These 15 roadside attractions are perfect for kids who love sports, superheroes, space travel and more. These road trip stops also offer a little extra, with museums, theme parks and other nearby attractions.


Eartha - Yarmouth, Mass.

Just inside the DeLorme Map Company's glass-enclosed lobby stands Eartha, a 41-foot-tall rotating globe. Designed as a three-dimensional scale model with mountains and landforms, it revolves at 23.5 degrees, just as the earth does, on a cantilever arm. For an eye-level view of the northern hemisphere, head up to the second and third floor observation balconies. The gift shop carries an extensive selection of travel toys, globes, atlases and maps. Add another oversized roadside attraction to your itinerary in neighboring Freeport, and see the 17-foot boot in front of the L.L. Bean Factory Store.

Hood Milk Bottle - Boston

With endearing vintage appeal, this 40-foot milk bottle serves as both a road trip stop and snack stand outside the Boston Children's Museum. Weighing 15,000 pounds, the bottle was one of America's first fast-food drive-in restaurants when it was built in 1934. From April through October, you still order lunch and ice cream at the window. Inside the Children"s Museum, the family-focused exhibits and programs center around science, culture, environmental awareness, health and fitness, and the arts.

Chomsky the Garden Gnome - Kerhonkson, N.Y.

Chomsky is the jolly, bearded fellow who welcomes you to Kelder's Farm in the Hudson River Valley.

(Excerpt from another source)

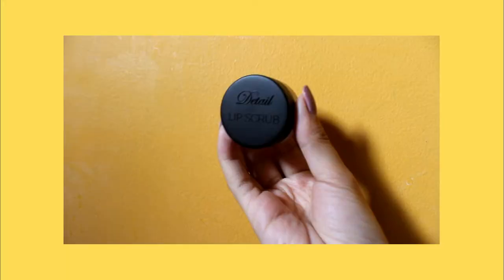After moisturizing my face, gagamit naman ako ng lip scrub para i-scrub yung lips ko, syempre. Dry din kasi yung lips ko. Ang lip scrub na ginigamit ko is from Detail. Sobrang mura lang niya — P98 to 100 pesos. Maganda naman yung performance niya na alisin yung pagka-dry ng lips.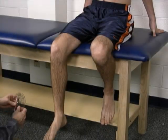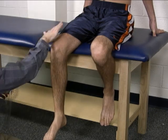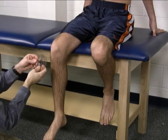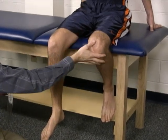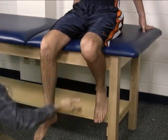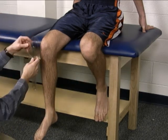To measure external rotation at the hip joint — external or lateral rotation of the femur — the patient is seated on the table. The contralateral leg is simply flexed underneath at the knee to keep it out of the way.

He's also a garden gnome, and he's 13 feet, 6 inches tall. Formerly the titleholder of World's Largest Garden Gnome, Chomsky is nicknamed Gnome on the Range, because he stands over the miniature Homegrown Mini-Golf course, with its unique agricultural theme. Kelder's Farm also offers a playground and petting zoo. In season, you can pick your own fruit or pumpkins, walk through a corn maze and take a hayride.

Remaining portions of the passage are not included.